Not sure if I’m going to gain anything by writing this. However! I have two friends, let’s call them A and B.
This potentially could be long as not to drip feed. Also, trying to provide as much information but keeping it as unidentifiable as possible.
I’ve known friend A for about 15 years through a mutual connection. I have supported her more recently through a difficult 5/6 year period which led to a positive outcome. During the time of support she upset me on many occasions through various channels due to her difficult situation. Rightly or wrongly, I continued to provide my support and friendship where several others have walked away due to the hurt she has caused them. Despite the positive outcome of the situation, my support has still, on occasion, been required to help in trickier situations.
This help, friendship and support has not always been reciprocated in my time of need, as friend A has become more selfish than others (or myself - haven’t quite decided on my overall thoughts on this yet) due to her focusing and concentrating on her self through her difficult time. During her difficult period there was times where I required support due to challenging circumstances and loss of family members. Despite however I have felt or been feeling, if she needed me I was there.

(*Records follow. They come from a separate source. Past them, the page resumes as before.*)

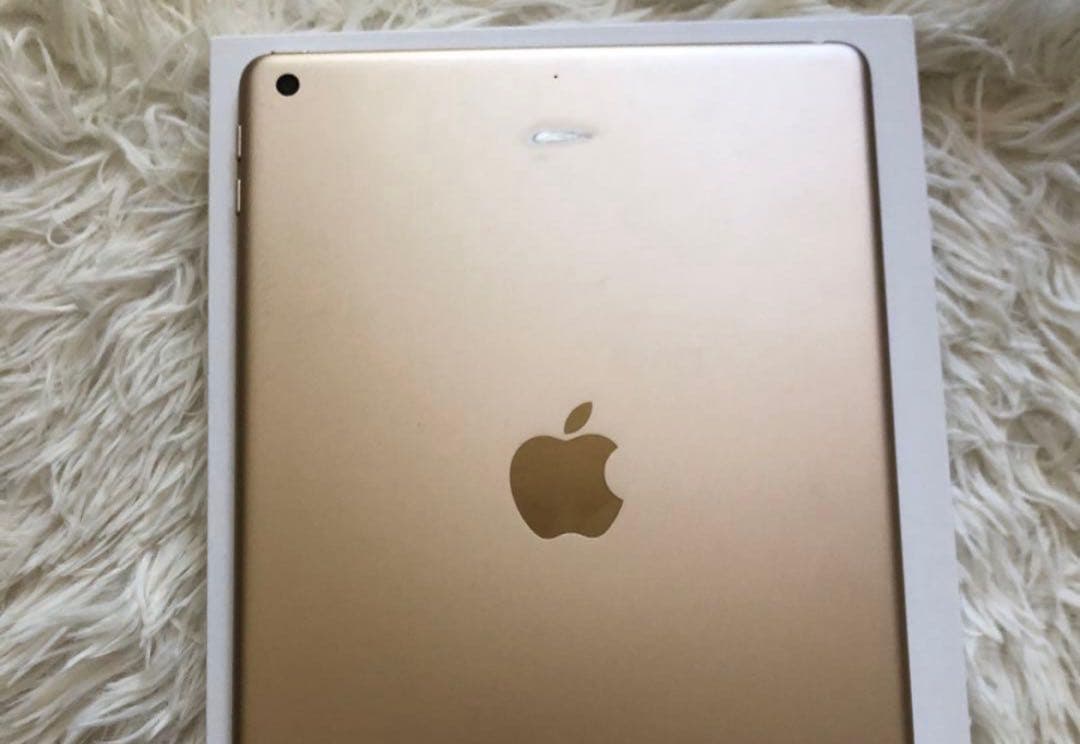 iPad 第5世代 128GB ゴールド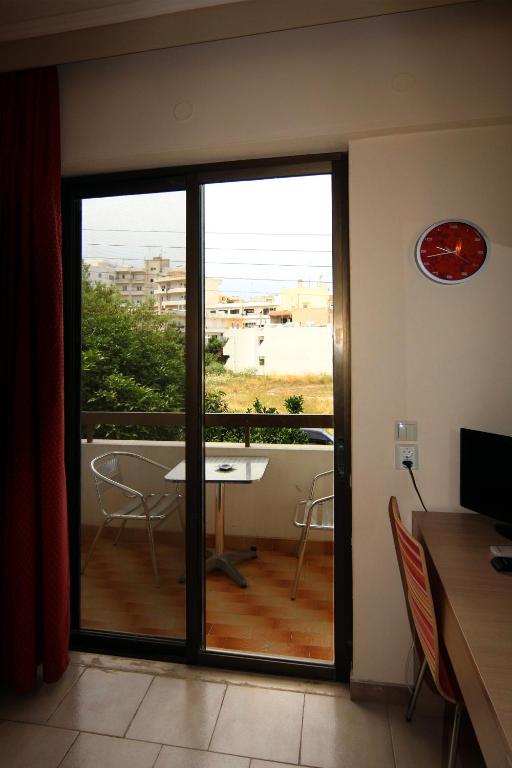 Philoxenia Hotel & Studios - 7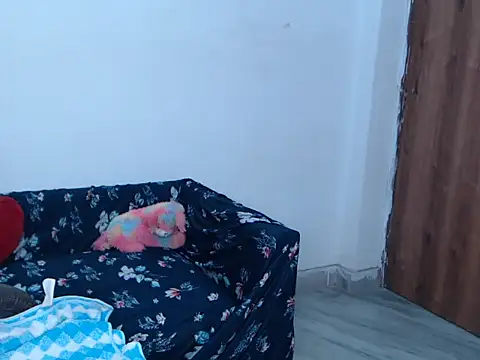 Sensual-bella online show from May 31, 3:47 am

Moving to friend B. I’ve known her for 6 years due to having children of similar ages. We grew close over this time. During this time we’ve been away on days out, nights away, even a holiday both ourselves and with the families. No issues, no extenuating circumstances, just a genuine friendship (or so I thought).

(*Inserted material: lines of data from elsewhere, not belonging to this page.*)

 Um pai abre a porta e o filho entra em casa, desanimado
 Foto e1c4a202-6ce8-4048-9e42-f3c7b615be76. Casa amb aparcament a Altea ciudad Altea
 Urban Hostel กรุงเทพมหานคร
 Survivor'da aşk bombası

Friend A has also known Friend B for a similar length of time. However, made a conscious effort to not be friends with friend A due to her difficult circumstance. This included telling this to friend B. All fine here, no issues.
Now leading onto 6 months ago. Friend B lost a very close member of her family and was devastated. In my true manner of style, I was (or what I thought) supportive, offering help and a shoulder where needed. Until one particular day when friend B was upset and friend A just so happened to be there and was able to provide comfort. From here the friendship grew. All fine, nothing wrong here.

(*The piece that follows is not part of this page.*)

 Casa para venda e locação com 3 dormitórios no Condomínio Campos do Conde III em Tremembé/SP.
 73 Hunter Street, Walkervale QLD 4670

Moving on a couple of months I was having a rough patch. I tend to bottle up and keep things to myself and try work through situations on my own. However one particularly bad day I broke down in front of friend A and B. Both offered comfort.
This is where my issue begins. At this time they told me not to bottle up, to speak, that they loved and cared for me. They told me now that they had become closer they offload to one another. During this difficult time for me I explained to friend B my thoughts and feelings, unusually for me opening up. On one occasion I mentioned that both her and friend A were helpful in their support. She explained it’s because they both have had life experience and events in life which they learned from.
Ever since then they two have become increasingly close, almost inseparable. As you can probably see where this is going, I have been almost pushed out, excluded even. I have tried reaching out in varying ways, tried to maintain friendship with friend B since the turn of the year. However, I’ve been faced with very little response or at times nothing.
More recently friend B has lost another member of her close family. I only found out by asking whereas she would normally tell me. Friend A again has been there for her. Doing more for her that she has ever done for me when I’ve been in a similar situation not that long ago - too the extent I didn’t even get a message to say sorry for your loss. I’m not asking for grandeur, just an acknowledgment would have been lovely.
If you have got this far, thank you. This is the real reason for my post I suppose. I accept all of the above, nothing I can do to will stop this. After all we are all adults we can make our own choices and take our own paths. However, I need help on how to accept this and move on from here. The hurt and the pain that this has caused has been indescribable. I’m just so saddened that am of the age I am and this is happening. I’m just passed the stage of not understanding why we all can’t be friends and support each other.